Although I am a radical Apple enthusiast, as a consumer and as an investor, it is increasingly difficult to gauge how the lemmings and other geniuses on Wall Street measure the success of a company.

The Street does, however, reward growth – and the best thing for investors to do is to shun picking the winners and losers in each sector. The best thing to do is find the company growing the fastest and profiting the most from the growth in the sector.

In personal mobile devices the winner is Sandisk (SNDK), the world leader in NAND flash memory technology. In LED products, it is Cree (CREE), the world leader in LED technology.

Sandisk’s acceleration

In 2013, according to market research firm IDC, the sale of personal devices – smartphones and tablets – will account for 57% of all tech industry growth.  Smartphones and tablets, as well as growing number of laptops (such as the one I am writing this column on) use NAND flash memory. Sandisk is the world leader in this technology and business is accelerating. Sandisk generates revenues through product sales but also collects royalties form the licensing of patents and technology to other players in the space. It is well-managed and prudent with capital; it has a joint venture with Toshiba in Japan to mitigate the cost of building next-generation chip plants.

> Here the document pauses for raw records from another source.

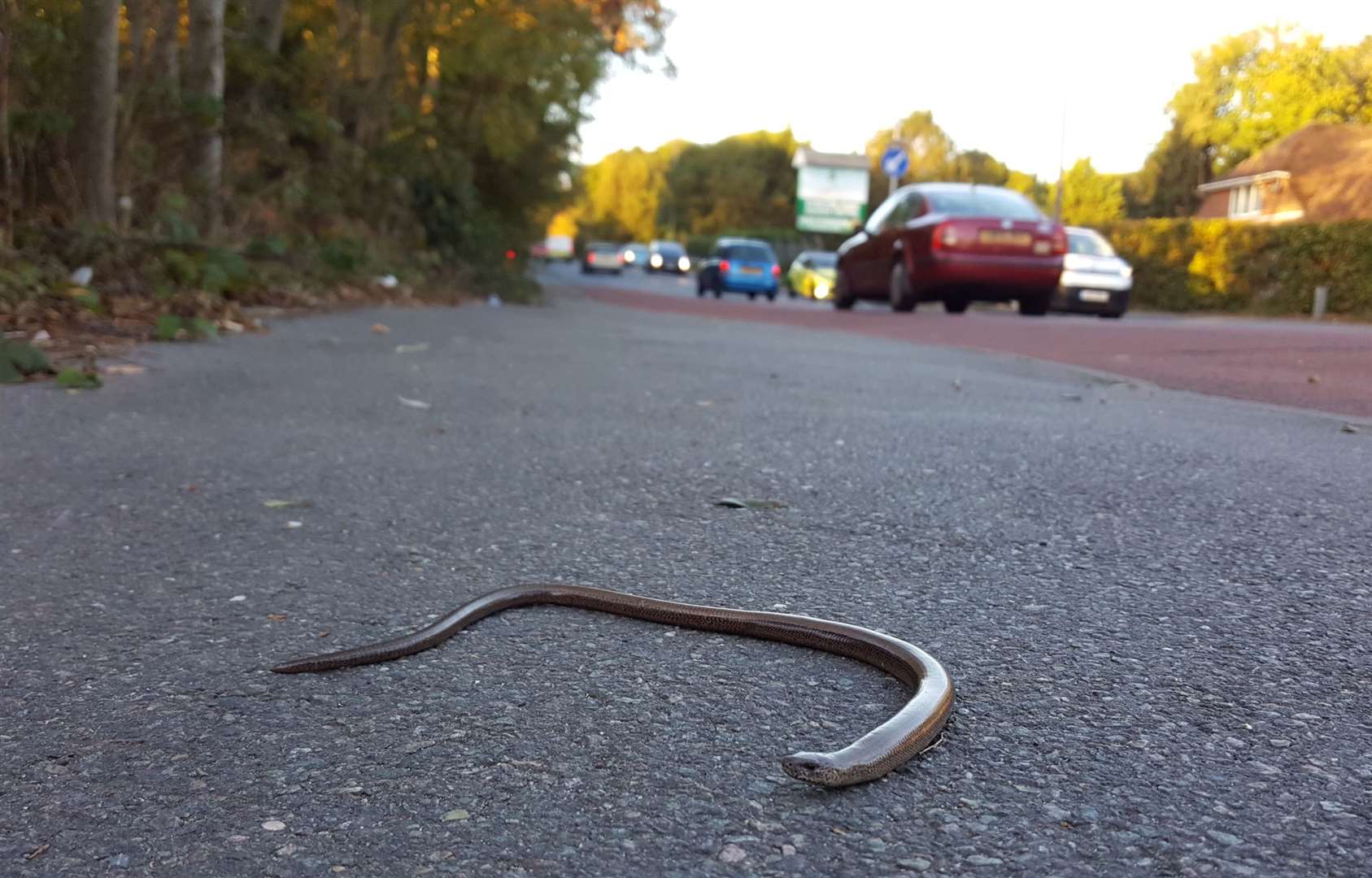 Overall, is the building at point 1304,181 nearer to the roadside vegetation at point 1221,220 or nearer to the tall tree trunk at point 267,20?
the roadside vegetation at point 1221,220

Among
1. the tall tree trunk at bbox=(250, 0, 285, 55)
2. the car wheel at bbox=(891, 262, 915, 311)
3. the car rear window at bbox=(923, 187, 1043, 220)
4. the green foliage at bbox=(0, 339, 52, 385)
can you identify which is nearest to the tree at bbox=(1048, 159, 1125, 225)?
the car wheel at bbox=(891, 262, 915, 311)

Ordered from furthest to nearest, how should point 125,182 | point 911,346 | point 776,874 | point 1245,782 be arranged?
point 911,346 → point 125,182 → point 1245,782 → point 776,874

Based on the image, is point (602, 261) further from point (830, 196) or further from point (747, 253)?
point (747, 253)

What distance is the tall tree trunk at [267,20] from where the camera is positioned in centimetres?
1519

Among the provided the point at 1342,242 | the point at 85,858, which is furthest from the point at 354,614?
the point at 1342,242

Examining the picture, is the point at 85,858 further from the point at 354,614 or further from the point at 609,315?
the point at 609,315

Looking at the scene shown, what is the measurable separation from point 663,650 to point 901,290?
15582 mm

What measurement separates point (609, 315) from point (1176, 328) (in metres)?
8.03

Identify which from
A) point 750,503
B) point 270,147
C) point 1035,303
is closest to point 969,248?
point 1035,303

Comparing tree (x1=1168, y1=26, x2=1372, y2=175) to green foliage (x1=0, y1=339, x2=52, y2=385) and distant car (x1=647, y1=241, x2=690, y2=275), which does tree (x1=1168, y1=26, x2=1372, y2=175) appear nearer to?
green foliage (x1=0, y1=339, x2=52, y2=385)

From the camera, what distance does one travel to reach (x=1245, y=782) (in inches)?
72.2

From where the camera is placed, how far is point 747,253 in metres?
33.9

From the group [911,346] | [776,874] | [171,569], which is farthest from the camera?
[911,346]

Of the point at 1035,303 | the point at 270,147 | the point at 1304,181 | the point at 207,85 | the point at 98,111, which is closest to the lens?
the point at 98,111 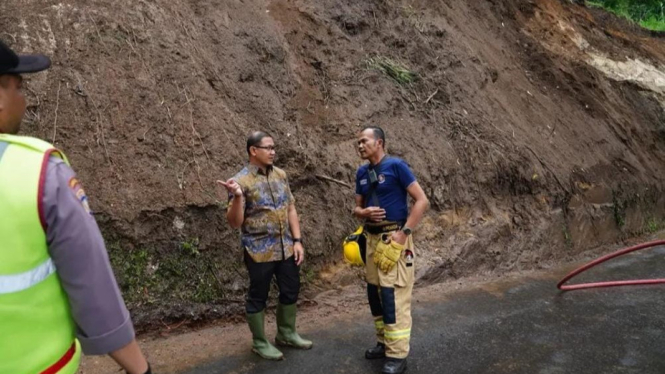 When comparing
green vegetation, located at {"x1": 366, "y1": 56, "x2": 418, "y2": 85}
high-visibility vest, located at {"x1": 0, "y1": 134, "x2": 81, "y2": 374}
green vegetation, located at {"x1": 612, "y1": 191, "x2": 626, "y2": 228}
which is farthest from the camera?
green vegetation, located at {"x1": 612, "y1": 191, "x2": 626, "y2": 228}

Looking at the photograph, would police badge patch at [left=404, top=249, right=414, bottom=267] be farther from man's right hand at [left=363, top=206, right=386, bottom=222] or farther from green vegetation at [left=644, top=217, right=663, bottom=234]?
green vegetation at [left=644, top=217, right=663, bottom=234]

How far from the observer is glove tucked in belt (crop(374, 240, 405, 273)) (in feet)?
15.3

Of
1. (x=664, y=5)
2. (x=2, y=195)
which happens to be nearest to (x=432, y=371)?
(x=2, y=195)

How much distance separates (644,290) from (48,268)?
713cm

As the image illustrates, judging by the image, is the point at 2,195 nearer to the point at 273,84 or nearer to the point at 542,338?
the point at 542,338

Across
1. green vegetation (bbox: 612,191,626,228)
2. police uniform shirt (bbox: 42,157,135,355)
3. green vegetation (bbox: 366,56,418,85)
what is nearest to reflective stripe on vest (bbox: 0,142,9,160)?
police uniform shirt (bbox: 42,157,135,355)

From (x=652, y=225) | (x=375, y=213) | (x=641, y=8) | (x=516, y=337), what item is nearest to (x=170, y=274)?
(x=375, y=213)

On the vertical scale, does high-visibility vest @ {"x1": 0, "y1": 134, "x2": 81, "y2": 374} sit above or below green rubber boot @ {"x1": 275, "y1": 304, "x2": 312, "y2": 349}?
above

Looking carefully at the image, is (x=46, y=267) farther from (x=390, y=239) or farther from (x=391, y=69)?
(x=391, y=69)

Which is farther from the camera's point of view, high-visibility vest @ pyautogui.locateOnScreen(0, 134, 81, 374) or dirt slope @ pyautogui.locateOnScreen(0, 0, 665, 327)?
dirt slope @ pyautogui.locateOnScreen(0, 0, 665, 327)

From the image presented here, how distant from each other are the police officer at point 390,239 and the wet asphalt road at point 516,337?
1.00 ft

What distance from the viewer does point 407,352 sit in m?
4.74

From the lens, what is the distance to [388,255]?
467cm

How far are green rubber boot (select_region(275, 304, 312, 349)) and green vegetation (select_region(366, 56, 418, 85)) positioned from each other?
476 centimetres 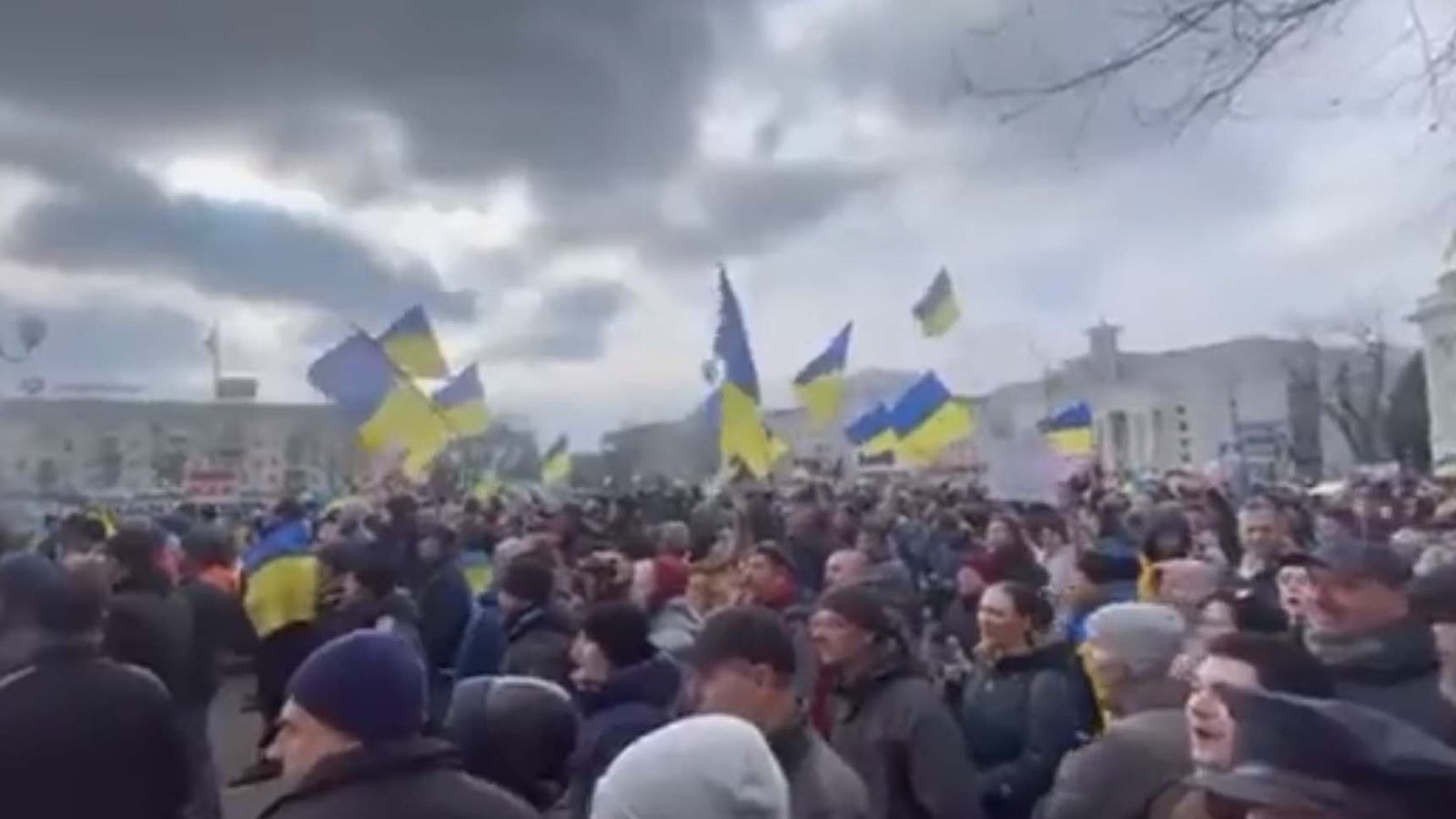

Sandisk sales in the second quarter grew 10% over the first quarter – simply incredible growth. Earnings come out Wednesday, Oct. 16 after the market closes. I expect Sandisk to beat expectations and to stick with or increase its forecast for the fourth quarter and the first half of 2014. The stock rose for the better part of this year, has stalled and I expect the next leg up to begin as soon as the mess in D.C. is resolved.

Cree and the magic price point

Cree is the granddaddy and market leader in LED technology and is making great strides in pushing its brand down to retail with LED bulbs selling for less than $10, a magical price point among consumers.

Cree’s revenues grew almost 8% in the second quarter compared to the first quarter – that’s right, quarter over quarter – and business is booming. Go to a Home Depot (HD) or Lowe’s (LOW) and you will see CREE end caps or tables pushing their products, a marketing campaign the company afford to push, given its growth. Some analysts do not like the expense of this program as it lowered margins, but Cree has the advantage of high margins compared to many competitors since they collect royalties on patents that are almost pure profit.

Cree stock sold off when it disappointed on margins, giving investors a buying opportunity that is not over. The stock has reclaimed almost all the ground it has lost and is ready for the next move up, which I believe will come when the company announces earnings on Oct. 22. I expect profits and margins to be at the low end of expectations but I expect sales to be terrific and their going forward forecast to be equally bullish.

The bottom line: play the trend and the sector, not an individual product or company and play growth. That is the one thing Wall Street always returns to in a sluggish economy.


Michael Shulman does not hold any positions in any company mentioned in this article.